----- Task inputs -----

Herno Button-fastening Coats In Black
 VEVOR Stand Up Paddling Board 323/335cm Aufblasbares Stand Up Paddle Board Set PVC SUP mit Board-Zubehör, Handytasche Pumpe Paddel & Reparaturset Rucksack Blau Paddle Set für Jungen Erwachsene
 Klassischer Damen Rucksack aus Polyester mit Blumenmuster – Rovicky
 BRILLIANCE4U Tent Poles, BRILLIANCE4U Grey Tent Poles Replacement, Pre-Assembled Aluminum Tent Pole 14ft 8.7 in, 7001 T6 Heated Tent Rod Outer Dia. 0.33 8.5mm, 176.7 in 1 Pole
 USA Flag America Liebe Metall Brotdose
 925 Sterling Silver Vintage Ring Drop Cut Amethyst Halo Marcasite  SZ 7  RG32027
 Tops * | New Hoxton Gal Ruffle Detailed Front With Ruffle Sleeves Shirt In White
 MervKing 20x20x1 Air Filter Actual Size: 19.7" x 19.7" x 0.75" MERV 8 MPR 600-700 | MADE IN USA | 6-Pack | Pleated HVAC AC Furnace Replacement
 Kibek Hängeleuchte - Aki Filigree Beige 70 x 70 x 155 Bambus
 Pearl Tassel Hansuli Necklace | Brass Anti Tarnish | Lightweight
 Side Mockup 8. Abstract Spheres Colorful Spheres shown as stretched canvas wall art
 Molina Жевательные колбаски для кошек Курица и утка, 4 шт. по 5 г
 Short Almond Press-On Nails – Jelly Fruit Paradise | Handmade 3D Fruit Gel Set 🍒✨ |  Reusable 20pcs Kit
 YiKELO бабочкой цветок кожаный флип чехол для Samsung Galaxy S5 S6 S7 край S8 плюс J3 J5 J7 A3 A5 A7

-----

Copy down every line of the material above that includes the string "Rucksack".

* [Solution]:
 VEVOR Stand Up Paddling Board 323/335cm Aufblasbares Stand Up Paddle Board Set PVC SUP mit Board-Zubehör, Handytasche Pumpe Paddel & Reparaturset Rucksack Blau Paddle Set für Jungen Erwachsene
 Klassischer Damen Rucksack aus Polyester mit Blumenmuster – Rovicky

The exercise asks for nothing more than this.